■ **TASK REQUIREMENTS**
Excluding all pictures, please output the listing exactly.

■ **MATERIAL SUPPLIED**

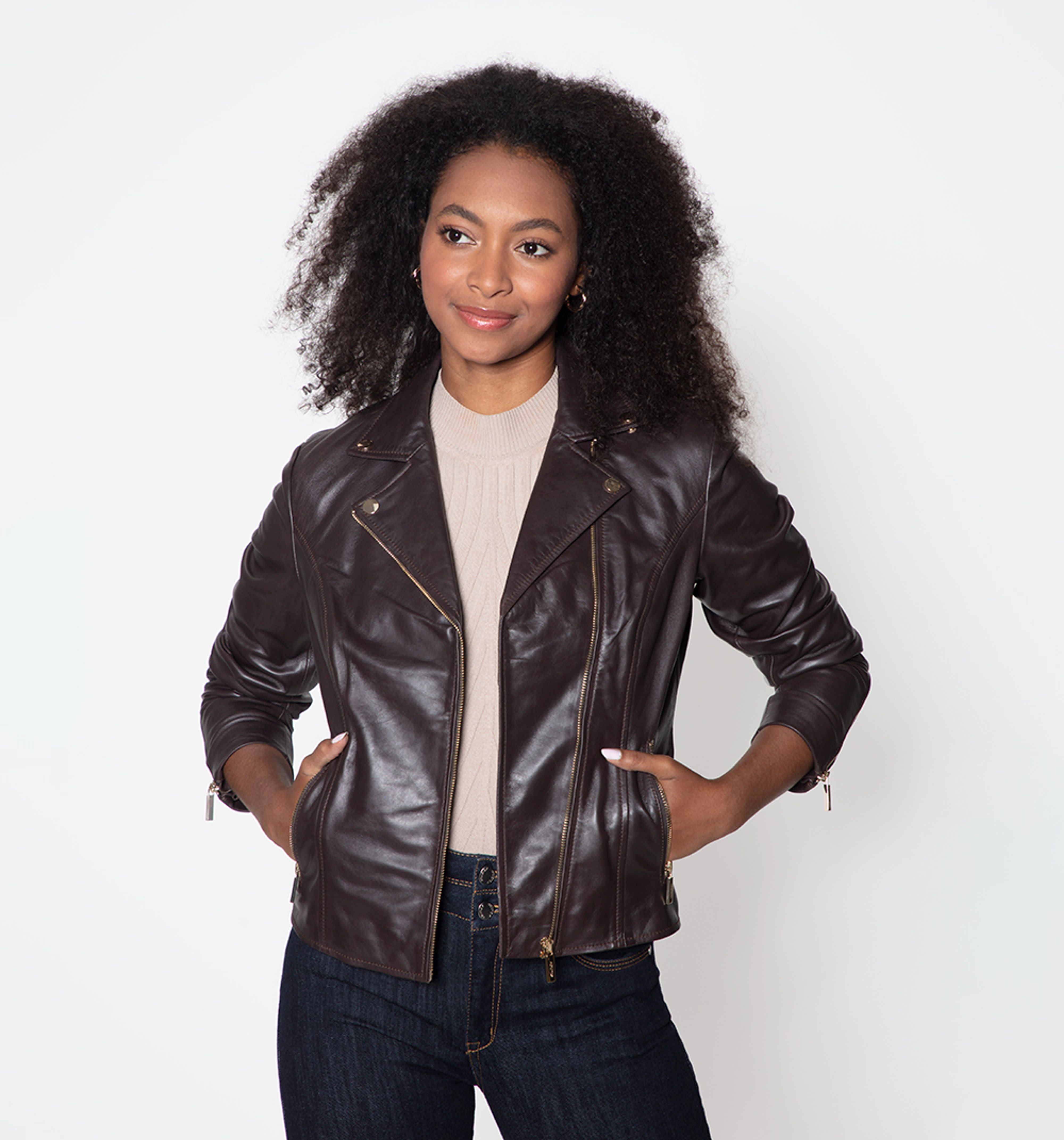 Jeans Outfits Con Chaqueta De Cuero Mezclilla Pantalon De Cuero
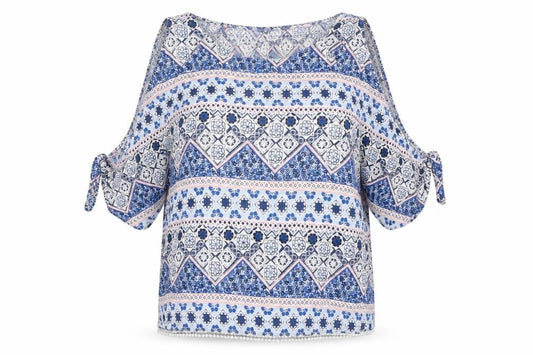 Front view of Divided by H&M women’s blue geometric viscose basic blouse, size UK 10, round neck - cold shoulder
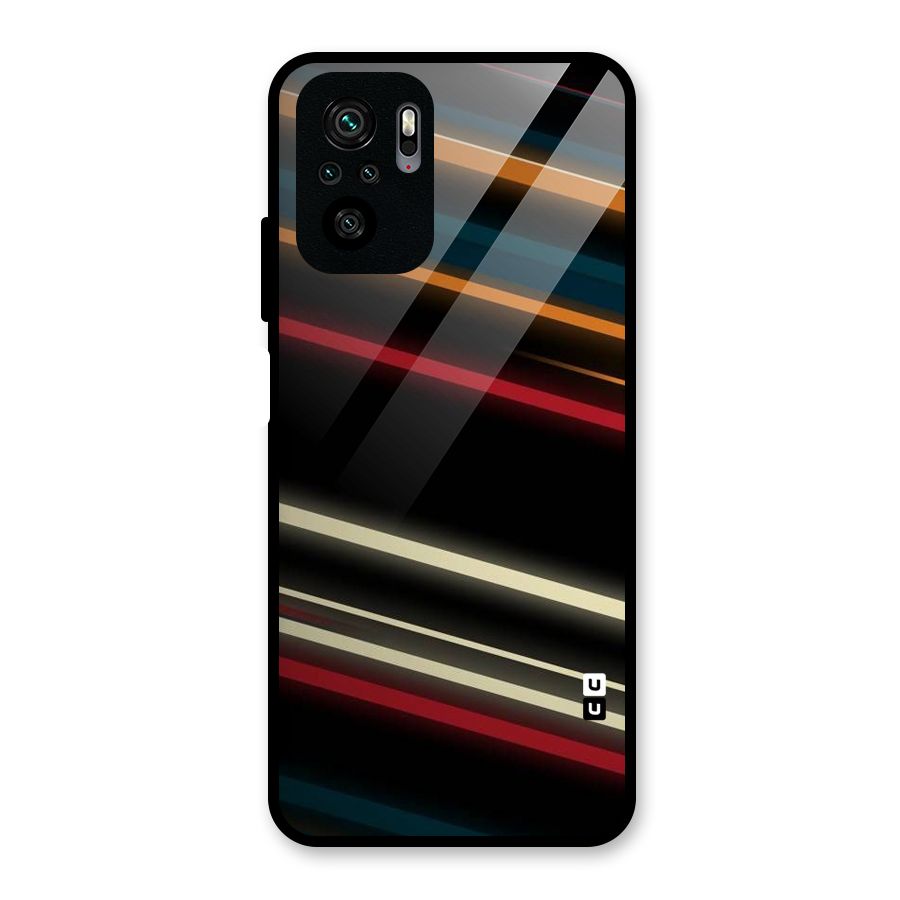 Light Diagonal Stripes Glass Back Case for Redmi Note 10S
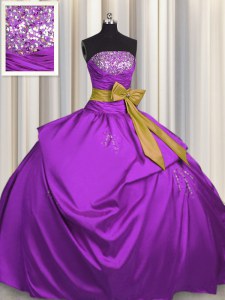 Purple Sleeveless Beading and Bowknot Floor Length Sweet 16 Quinceanera Dress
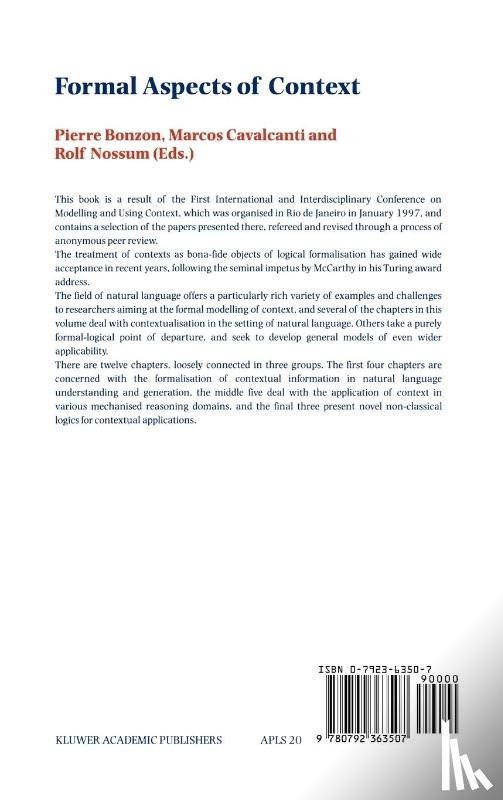 Pierre Bonzon, Marcos Cavalcanti, Rolf Nossum - Formal Aspects of Context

■ **RESPONSE TO THE TASK**
 Jeans Outfits Con Chaqueta De Cuero Mezclilla Pantalon De Cuero
 Front view of Divided by H&M women’s blue geometric viscose basic blouse, size UK 10, round neck - cold shoulder
 Light Diagonal Stripes Glass Back Case for Redmi Note 10S
 Purple Sleeveless Beading and Bowknot Floor Length Sweet 16 Quinceanera Dress
 Pierre Bonzon, Marcos Cavalcanti, Rolf Nossum - Formal Aspects of Context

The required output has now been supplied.